YOUR INSTRUCTIONS – For the entries below, repeat exactly each line starting with the one that contains "[Nekota Yonezou] Hidoku" and going on through the one that contains "Kumho Ecsta PS71 265/60 R18 110V", and no others.

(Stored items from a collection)

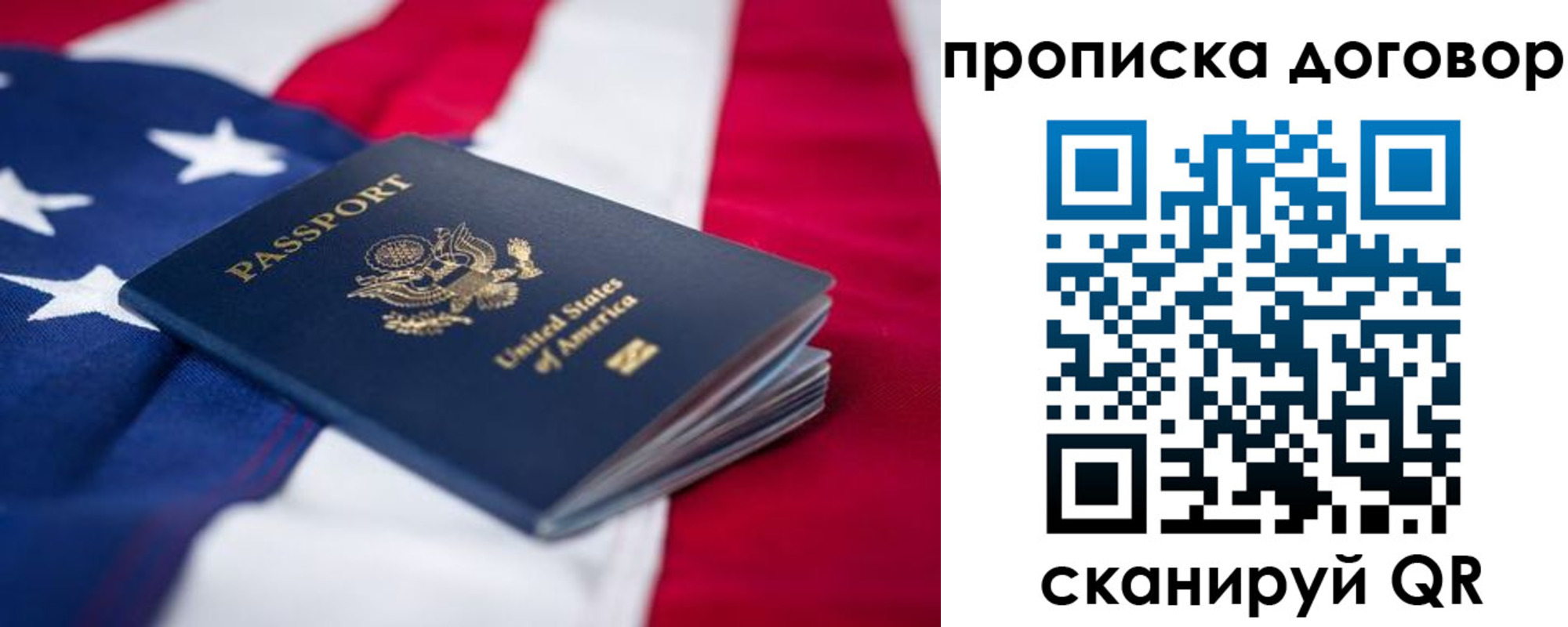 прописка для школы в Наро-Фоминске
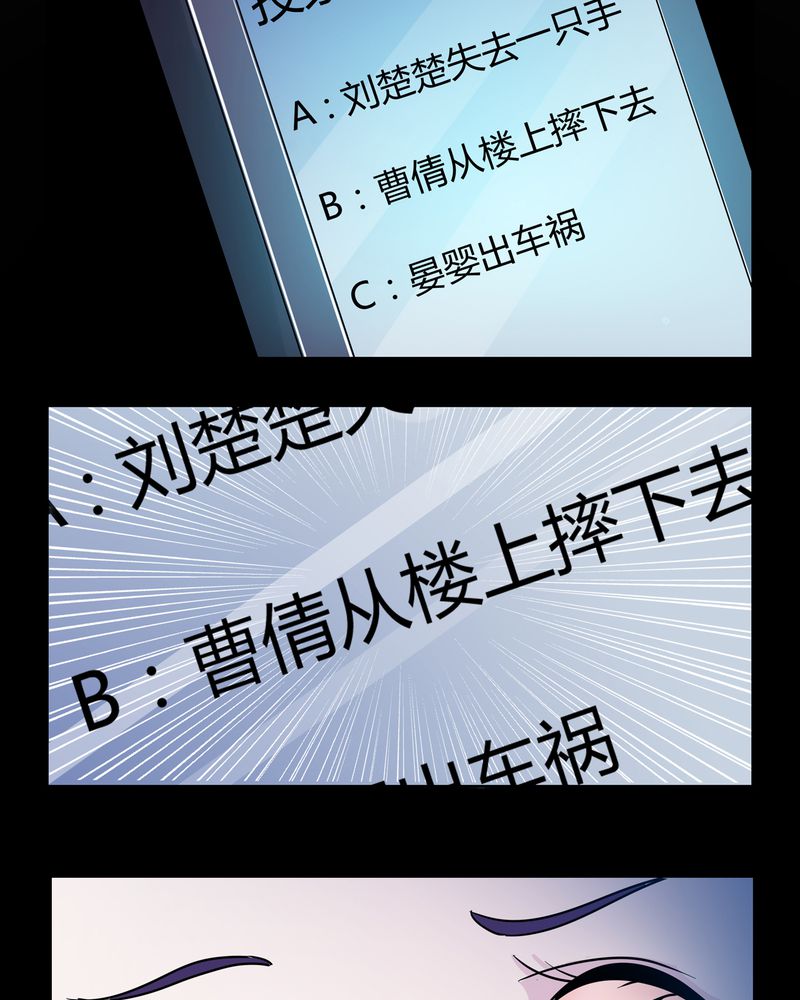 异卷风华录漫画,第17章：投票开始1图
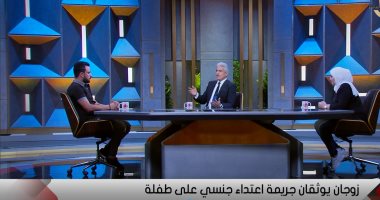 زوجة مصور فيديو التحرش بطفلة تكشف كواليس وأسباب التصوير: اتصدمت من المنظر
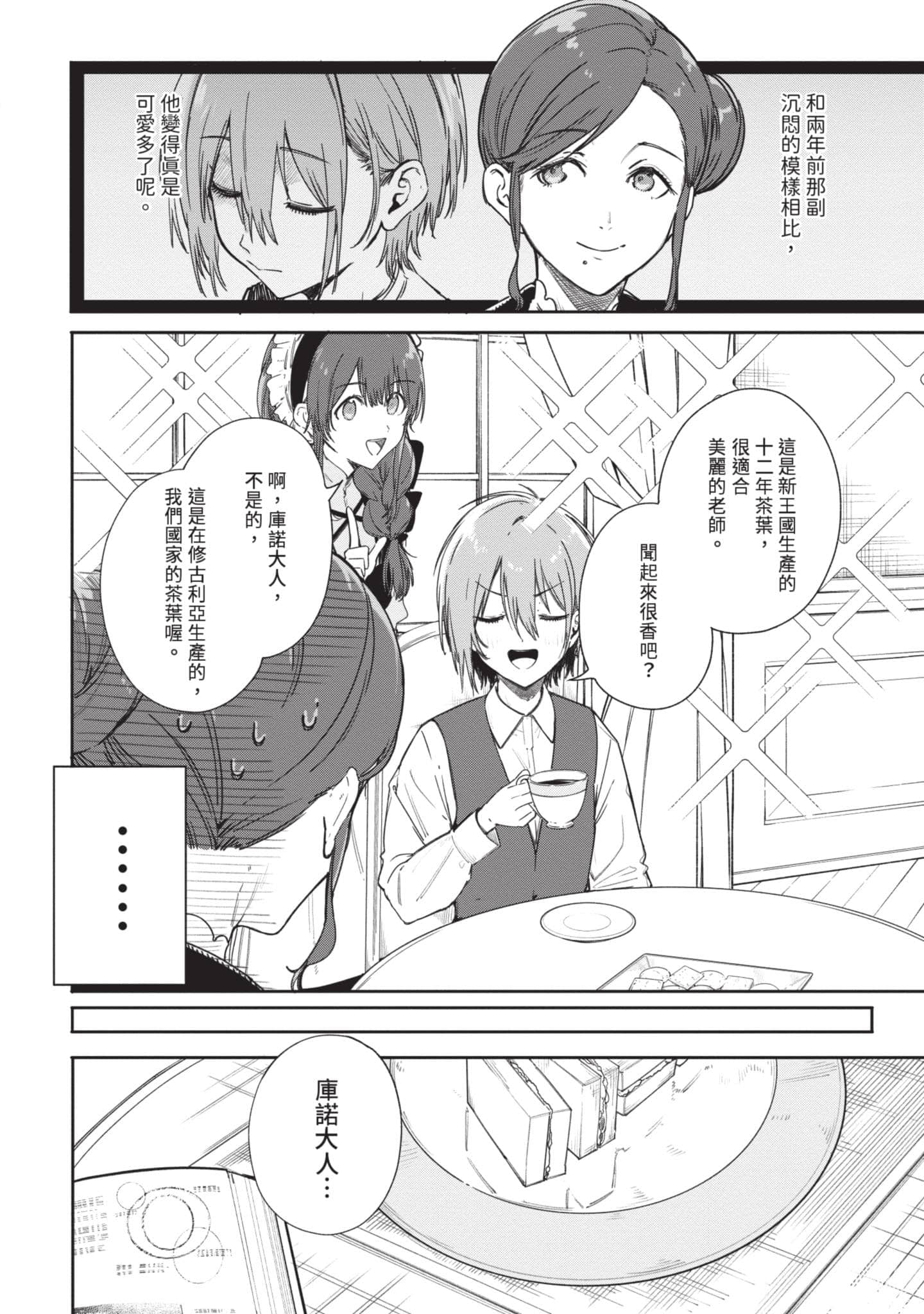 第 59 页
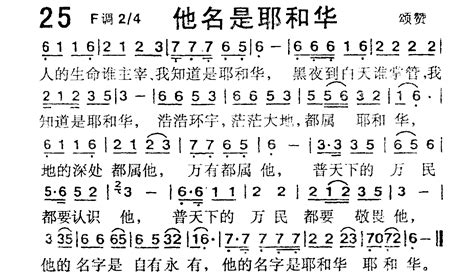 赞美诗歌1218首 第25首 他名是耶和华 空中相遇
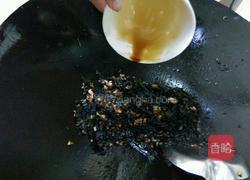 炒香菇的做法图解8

==

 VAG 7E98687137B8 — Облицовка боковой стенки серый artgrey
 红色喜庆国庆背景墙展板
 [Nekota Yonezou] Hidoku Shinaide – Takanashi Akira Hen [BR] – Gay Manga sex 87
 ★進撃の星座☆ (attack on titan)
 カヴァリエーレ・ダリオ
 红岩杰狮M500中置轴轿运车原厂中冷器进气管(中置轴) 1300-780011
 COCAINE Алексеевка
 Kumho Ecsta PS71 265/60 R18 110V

SOLUTION TO THIS PROBLEM –
 [Nekota Yonezou] Hidoku Shinaide – Takanashi Akira Hen [BR] – Gay Manga sex 87
 ★進撃の星座☆ (attack on titan)
 カヴァリエーレ・ダリオ
 红岩杰狮M500中置轴轿运车原厂中冷器进气管(中置轴) 1300-780011
 COCAINE Алексеевка
 Kumho Ecsta PS71 265/60 R18 110V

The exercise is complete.